Sunday, May 31, 2015

Links & Reviews

- A 1634 Rembrandt etching and an Albrecht Dürer engraving ("Adam and Eve," from 1504) from the collections of the Boston Public Library were reported missing to police on 29 April after their absence was discovered earlier in the month, according to media reports on 19 May. The FBI was consulted, and Boston mayor Martin Walsh called for a full audit of the library's collections. On 21 May the Boston Globe ran a long piece by Malcolm Gay on the importances of balancing access and security to library collections, featuring comments by Travis McDade, and word broke that Susan L. Glover, Keeper of Special Collections at the BPL, was placed on paid administrative leave on 20 April, even before the thefts were reported to police. In an interview with the Boston Herald, former BPL print curator Sinclair Hitchings blasted the library's security policies, and the Boston Globe reported on 26 May that an city-commissioned audit revealed major problems with collections storage and security. And more shoes continue to drop: on 28 May the Herald reported that another former BPL employee emailed city officials and said that gold coins once placed in the original library cornerstone were missing from the library's collections (but to be fair, they have apparently been gone for decades) and that the library had accidentally deaccessioned a copy of an 1800 political pamphlet for a Friends group book sale. An emergency meeting of the Library's board of trustees to deal with the ongoing turmoil has been scheduled for 3 June.

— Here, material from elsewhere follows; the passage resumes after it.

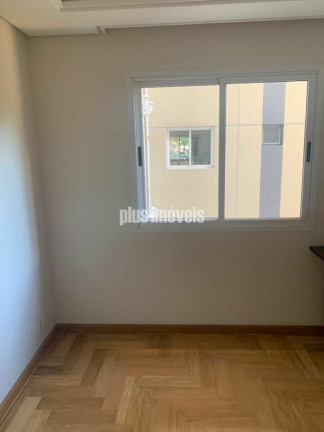 Imagem Apartamento com 7 Quartos para Alugar, 390 m² em Alto Da Lapa - São Paulo Imagem Apartamento com 7 Quartos para Alugar, 390 m² em Alto Da Lapa - São Paulo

- Beinecke Curator Raymond Clemens writes about the prayer book read and annotated by Thomas More during his imprisonment in the Tower of London (and now at the Beinecke).

- University of Michigan archivists have found fragments of an unpublished autobiography of Orson Welles amongst papers purchased recently from Welles' companion Oja Kodar.

- The AAS has launched a new online exhibition: Louis Prang and Chromolithography.

- English professor Joseph Bristow talked to UCLA Newsroom about his recent book Oscar Wilde's Chatterton.

- The results of the University of Buckingham's Drood Inquiry, which prompted 15,000 user submissions, have been revealed.

- You can now listen to Michael Suarez's 2015 Lyell Lectures as podcasts.

- Smithsonian reports on recent analysis of the 1491 Martellus map in the collections of Yale's Beinecke Library.

- Via Mitch Fraas: Penn has digitized Mathew Carey's diary for 1822–26.

- A proof copy of Sylvia Plath's The Bell Jar will be sold at Bonhams on 24 June.

- Google has unveiled a new font family for Google Play Books, which they're calling Literata.

- David McCullough is featured in the NYTimes "By the Book" column.

- At Collectors Weekly, Ben Marks reports on a good book sale find: an 1845 Philadelphia edition of the Pentateuch published by Isaac Lesser.

- Writing for the Telegraph, Hannah Furness covers a talk by British Library director Rory Keating about the future of libraries.

- Alice Schreyer joins the Newberry Library as the Roger and Julia Baskes Vice President for Collections and Library Services on 24 August.

- Over at Rare Books Digest, "Rare Book Market - An Anatomical Exercitation through the Generations."

- Because it made the rounds, I will briefly note the utterly ridiculous coverage of the supposed discovery of a portrait of Shakespeare on the title page of John Gerard's Herball. To quote Professor Michael Dobson from the Telegraph piece on this, however, "it's hallucination." John Overholt, in Medium, has written the only piece you need to read on this topic, frankly.


- Neal Stephenson's Seveneves; reviews by Scott F. Andrews in the Philadelphia Inquirer, Douglas Wolk in the LATimes, and Charles Yu in the NYTimes.

- Matthew Pearl's The Last Bookaneer; review by John Vernon in the NYTimes.

- Steven Inskeep's Jacksonland; review by David Treuer in the WaPo.

- Andrea Mays' The Millionaire and the Bard; review by Stephen Greenblatt in the NYTimes.

- Akhil Reid Amar's The Law of the Land; review by Stephen Wermiel in the WaPo.

- Thomas Kunkel's Man in Profile; review by Blake Bailey in the NYTimes.

- Philip and Carol Zaleskis' The Fellowship; reviews by Elizabeth Hand in the LATimes and Laura Miller in Salon.